第三章 一九八〇 · 夏至

蝉声是在某个清晨突然炸开的。

先是试探性的几声,断断续续,像烧热的铁丝扔进水里。到了日头爬上东边马头墙的檐角时,整个青石街便被这嘶鸣包裹了。声浪一浪高过一浪,稠得化不开,震得人耳膜嗡嗡作响。

沈墨言赤着膊,肩上搭条湿毛巾,正把一捆捆新到的书从三轮车上卸下来。汗珠子顺着他瘦削的脊梁骨往下淌,在午后的阳光里亮晶晶的。这些书是他用那四十二元八角预订款做定金,从上海发来的第一批货。三轮车夫帮着把最后一捆搬进店里,抹了把汗:“沈老板,你这生意,要火啊。
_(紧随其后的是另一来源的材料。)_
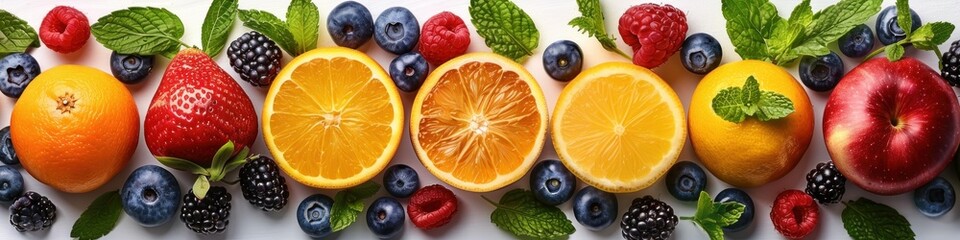 Vibrant Fruit and Berry Medley on White Background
”

火不火还不知道,但书店确实不一样了。

新书占据了靠窗最好的一排书架,纸张的油墨味压过了旧书的霉味。最显眼的位置摆着那套《传统纹样全集》,深蓝色的布面精装,烫金的书名在斜射的阳光里熠熠生辉。旁边是徐老先生订的《史记选读》,浅褐色的封皮,翻开是竖排的繁体字,纸页薄而挺括。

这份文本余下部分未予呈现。